■ Task to complete ■
Please retype, word for word, the line containing "172 S Temelec Cir, Sonoma, CA 95476" and every line after it through the end of the records, leaving out all pictures.

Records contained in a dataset
● ● ● ●

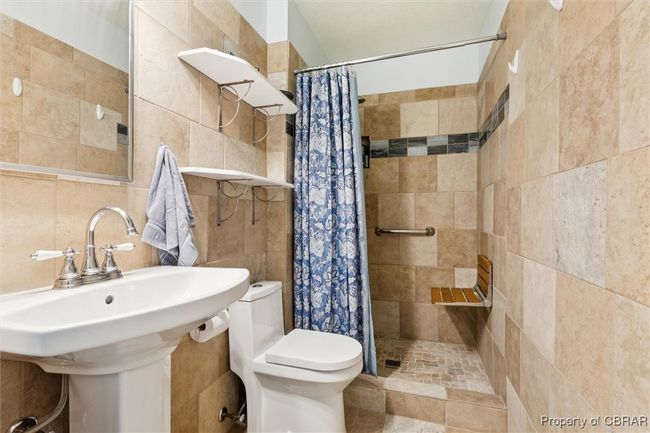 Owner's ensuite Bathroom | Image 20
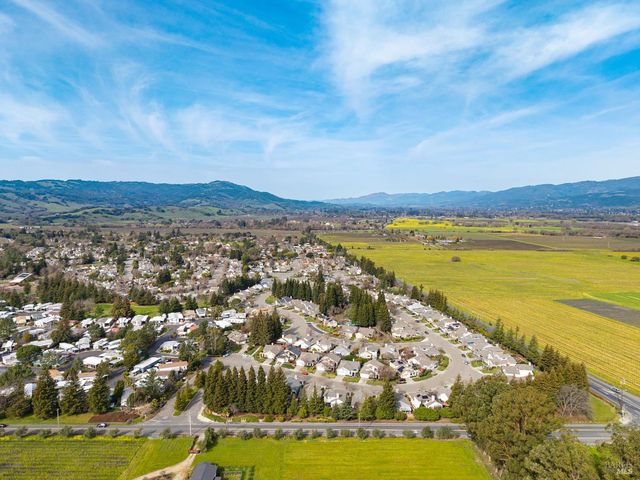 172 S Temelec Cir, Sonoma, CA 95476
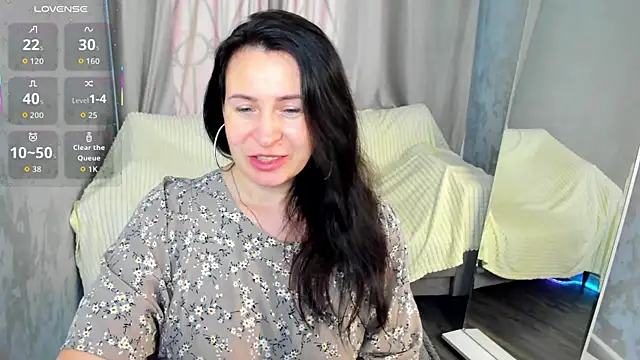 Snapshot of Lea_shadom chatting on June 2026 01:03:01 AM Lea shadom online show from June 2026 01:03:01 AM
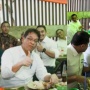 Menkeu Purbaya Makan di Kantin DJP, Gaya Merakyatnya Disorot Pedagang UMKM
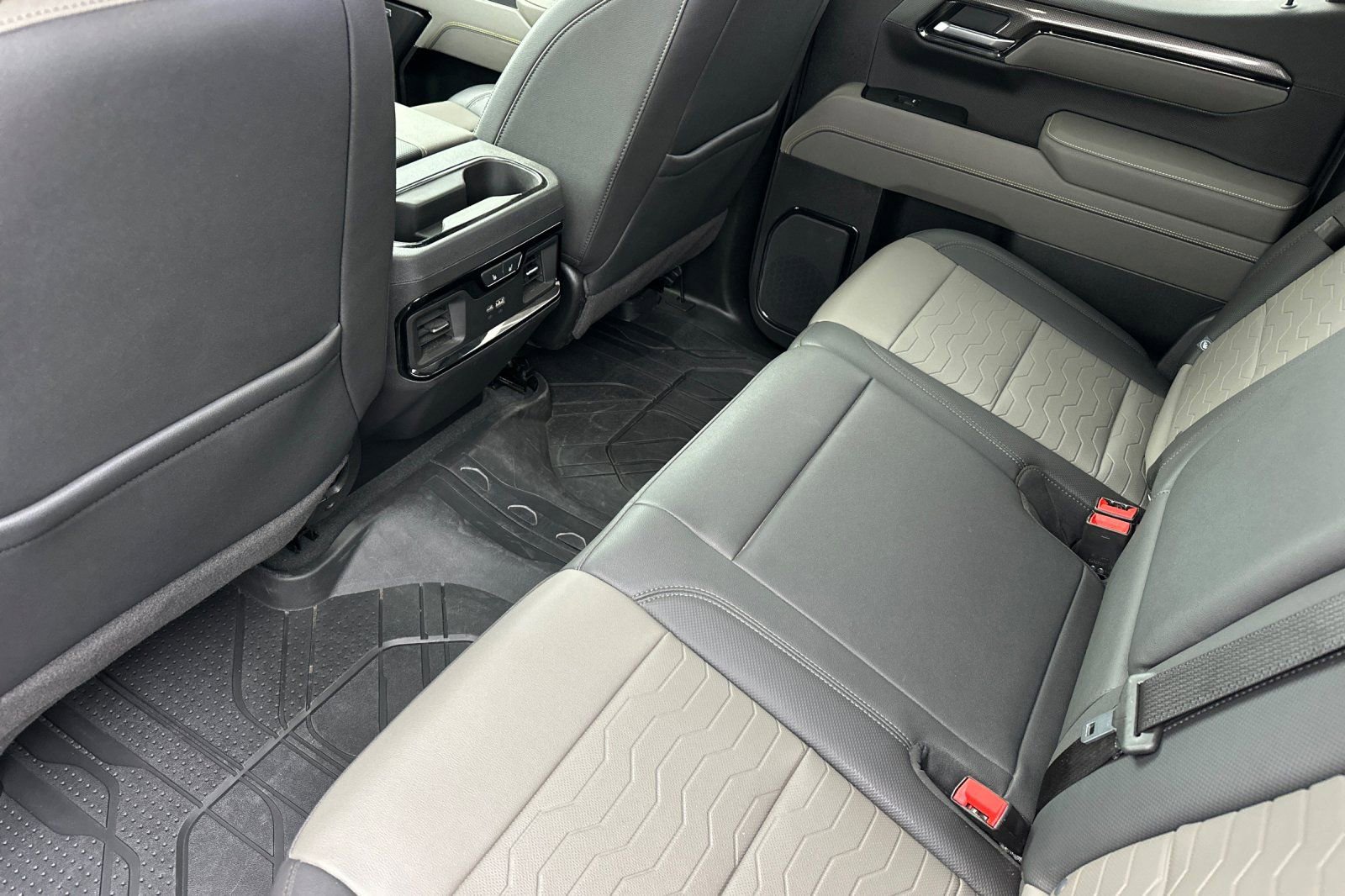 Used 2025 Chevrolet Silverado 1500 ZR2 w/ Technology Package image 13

● ● ● ●

■ Solved problem ■
 172 S Temelec Cir, Sonoma, CA 95476
 Snapshot of Lea_shadom chatting on June 2026 01:03:01 AM Lea shadom online show from June 2026 01:03:01 AM
 Menkeu Purbaya Makan di Kantin DJP, Gaya Merakyatnya Disorot Pedagang UMKM
 Used 2025 Chevrolet Silverado 1500 ZR2 w/ Technology Package image 13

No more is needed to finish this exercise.